Like a number of other Muslim leaders, the founder of Pakistan Quaid-e-Azam Mohammad Ali Jinnah, too, recognized and identified the need for creating a separate homeland for the Muslims, who at that time were facing a difficult future at the hands of Hindu nationalists.
But was he a religious nationalist? The Lincoln’s Inn-educated barrister was never famous for his observance of ritualistic Islam or the restrictions which go with it. Apart from this, he also made it clear in his 11th August 1947 Constituent Assembly address that all Pakistani citizens are free to practice their own respective religions.
However, over the years we have witnessed the rise of a very conservative ideology which in our society promotes a particular sect of Islam and rejects all those who do not fall within its domain. This lens shapes the perception of the masses at the grass-roots level.
However, things at the top (read government level) seem to be ‘moderate’ by comparison. The majority of Pakistani rulers, with the exception of General Zia-ul-Haq, have all been moderates who have promoted a modernist agenda. Such an agenda was brought centre-stage by the founding father of the Pakistan Peoples Party (PPP) Zulfiqar Ali Bhutto through his socialist reforms. During Zulfiqar Ali Bhutto’s rule, Pakistan’s religious zeal and fervour was very much present – but it was far from manifesting itself as we today know it. Alcohol was widely available in society during Bhutto’s tenure - even with the presence of religious parties. It was not until the 1977 elections, where the opposition cried foul, that Bhutto Sahab announced a widespread ban on alcohol and shifted the public holiday from Sunday to the Muslim holy day of Friday. Both moves were to please the religious opposition parties within the Pakistan National Alliance (PNA) so that they could stop accusing the PPP of rigging the election.
The public holiday of Friday was taken back during the second PML-N government in the 1990s yet the prohibition on alcohol still exists. Many experts and commentators are of the view that the Islamist laws brought forward during General Zia’s reign have further slipped Pakistani society into a religious frenzy and on such basis, any expectation of the mainstream becoming moderate is nothing but a dream.
During General Zia’s reign, the conflict in Afghanistan saw the birth of extremist groups in Pakistan which were sent to fight the Soviets. As a result, Pakistan is now defending itself from such groups that threaten its own territory.

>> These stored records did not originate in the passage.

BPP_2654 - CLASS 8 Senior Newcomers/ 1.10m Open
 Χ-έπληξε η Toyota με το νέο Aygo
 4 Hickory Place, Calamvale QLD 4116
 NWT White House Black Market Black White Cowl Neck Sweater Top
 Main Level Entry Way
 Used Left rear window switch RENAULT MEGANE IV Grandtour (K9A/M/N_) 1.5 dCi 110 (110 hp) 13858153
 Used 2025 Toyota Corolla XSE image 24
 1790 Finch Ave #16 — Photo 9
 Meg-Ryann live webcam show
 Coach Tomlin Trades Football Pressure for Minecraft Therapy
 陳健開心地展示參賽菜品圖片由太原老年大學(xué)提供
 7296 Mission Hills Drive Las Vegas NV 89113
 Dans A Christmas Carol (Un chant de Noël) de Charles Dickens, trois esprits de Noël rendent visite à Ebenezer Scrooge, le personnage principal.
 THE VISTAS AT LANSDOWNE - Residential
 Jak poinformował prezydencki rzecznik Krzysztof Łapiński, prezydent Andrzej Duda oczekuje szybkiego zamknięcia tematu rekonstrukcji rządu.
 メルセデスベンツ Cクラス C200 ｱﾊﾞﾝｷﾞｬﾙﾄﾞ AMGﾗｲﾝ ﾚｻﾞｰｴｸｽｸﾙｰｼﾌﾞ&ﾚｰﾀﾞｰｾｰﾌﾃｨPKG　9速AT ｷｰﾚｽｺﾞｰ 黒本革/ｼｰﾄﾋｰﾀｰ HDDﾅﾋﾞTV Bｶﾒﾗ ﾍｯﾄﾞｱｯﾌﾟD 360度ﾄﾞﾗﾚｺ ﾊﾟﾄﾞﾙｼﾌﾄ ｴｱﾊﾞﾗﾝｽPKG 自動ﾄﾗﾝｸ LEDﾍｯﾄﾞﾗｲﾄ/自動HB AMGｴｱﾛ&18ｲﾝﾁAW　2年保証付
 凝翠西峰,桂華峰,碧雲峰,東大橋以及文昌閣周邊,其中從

Much later down the line, General Pervez Musharraf re-introduced a desire for modernity into society. His dream and ambition was to make Pakistan a country like Turkey where the legendary leader Mustafa Kamal Ataturk separated the state from religion. During General Musharraf’s rule the media expanded to several channels and moderate faces were introduced on the screen. However, by the end of his tenure it was evident that this bubble was going to burst and Pakistan would be back to it’s ‘original’ identity.
So addressing the question asked earlier: why is Pakistan not being ruled in a theocratic manner in spite of such religious zeal and fervour in society?
To put the matter simply, Pakistan’s economic situation since independence has not allowed it to survive on its own. The world’s power centres and their all-important loan lending institutions want to see Pakistan as a relatively moderate Muslim country which spends in the way of socio-economic development all the while being a transit route into Afghanistan and Central Asian countries. To see a Muslim country being ruled by a theocracy and possessing advanced weaponry is a frightening sight for the world’s elites.
Modernity in Pakistan requires emphasis on the state investing in education, science and technology. It was the relative open-mindedness in the Muslim empires of the past which led to achievements such as the adoption of the compass, coffee and algebra. However, the masses in Pakistan view modernity as a suspicious concept which promotes Western values and threatens to weaken Islam.
And so the question remains as to how long Pakistan will be ruled like a paradox – one where the rulers are moderate but the masses infused with religious nationalism.